This is the #bootstrapping story of the language everybody talks about.
I don't like this. It's shameful.
This is what happens when you only look to one problem and don't care about anything else.
This is the #bootstrapping story of the language everybody talks about.
I don't like this. It's shameful.
This is what happens when you only look to one problem and don't care about anything else.
Oh there are more coming
@ekaitz_zarraga they zero-cost abstracted it so hard
@ekaitz_zarraga Wow, from 60 MB to 400 MB, quite an increase. I wonder right away if a compiler really has to be that large.
@wim_v12e From my point of view: no.
But I'm a simple man.
@wim_v12e And also not only that 60 -> 400MB increase, but also that it is cumulative!

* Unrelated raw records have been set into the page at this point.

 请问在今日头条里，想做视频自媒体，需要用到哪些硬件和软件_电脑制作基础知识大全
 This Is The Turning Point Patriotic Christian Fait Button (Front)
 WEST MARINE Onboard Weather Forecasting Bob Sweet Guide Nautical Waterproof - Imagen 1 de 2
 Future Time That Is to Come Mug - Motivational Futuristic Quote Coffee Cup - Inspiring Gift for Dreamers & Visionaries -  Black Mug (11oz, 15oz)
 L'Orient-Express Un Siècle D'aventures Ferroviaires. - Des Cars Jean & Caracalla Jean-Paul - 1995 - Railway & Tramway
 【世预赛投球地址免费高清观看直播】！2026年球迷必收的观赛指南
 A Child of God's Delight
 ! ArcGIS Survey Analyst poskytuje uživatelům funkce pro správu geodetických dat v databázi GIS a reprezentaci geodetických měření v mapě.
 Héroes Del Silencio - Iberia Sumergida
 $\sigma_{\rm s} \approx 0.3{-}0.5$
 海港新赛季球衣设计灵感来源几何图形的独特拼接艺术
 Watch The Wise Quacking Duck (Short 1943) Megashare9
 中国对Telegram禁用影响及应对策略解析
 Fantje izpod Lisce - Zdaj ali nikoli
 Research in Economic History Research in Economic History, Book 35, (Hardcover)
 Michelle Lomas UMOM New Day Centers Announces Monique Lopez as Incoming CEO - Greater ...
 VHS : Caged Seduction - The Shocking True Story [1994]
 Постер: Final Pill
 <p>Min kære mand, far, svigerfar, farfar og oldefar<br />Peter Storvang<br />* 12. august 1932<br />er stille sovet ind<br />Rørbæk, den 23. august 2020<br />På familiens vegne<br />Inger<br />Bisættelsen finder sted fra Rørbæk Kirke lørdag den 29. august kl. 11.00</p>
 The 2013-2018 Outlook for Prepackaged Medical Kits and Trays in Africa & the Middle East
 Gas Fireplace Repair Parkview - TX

For the 400MB to be built you need all the previous steps!
@ekaitz_zarraga And that is the only way to make it work on a new architecture? So if you don't have a lot of disk space and fast internet access, it's not possible. Not very inclusive.
@ekaitz_zarraga I hope this is just because it's the easiest path. There is surely a much shorter path available. They cannot create new features each release and start using them immediately? And have no stages/core or similar? ... it's not like Rust have the fastest compile times around either ;)
@simendsjo AFAIK they write the next compiler using features of the last one. That's the only guarantee they give from the bootstrapping perspective.
I might be wrong though.
@ekaitz_zarraga I was more thinking along the lines that the compiler was sticking to a small subset of the features rather than using the full language to avoid having this kind of bootstrapping.
@simendsjo That would be the sanest approach :)
@ekaitz_zarraga Wait what? Is this what I thing it is?
Every version must be compiled by the previous one?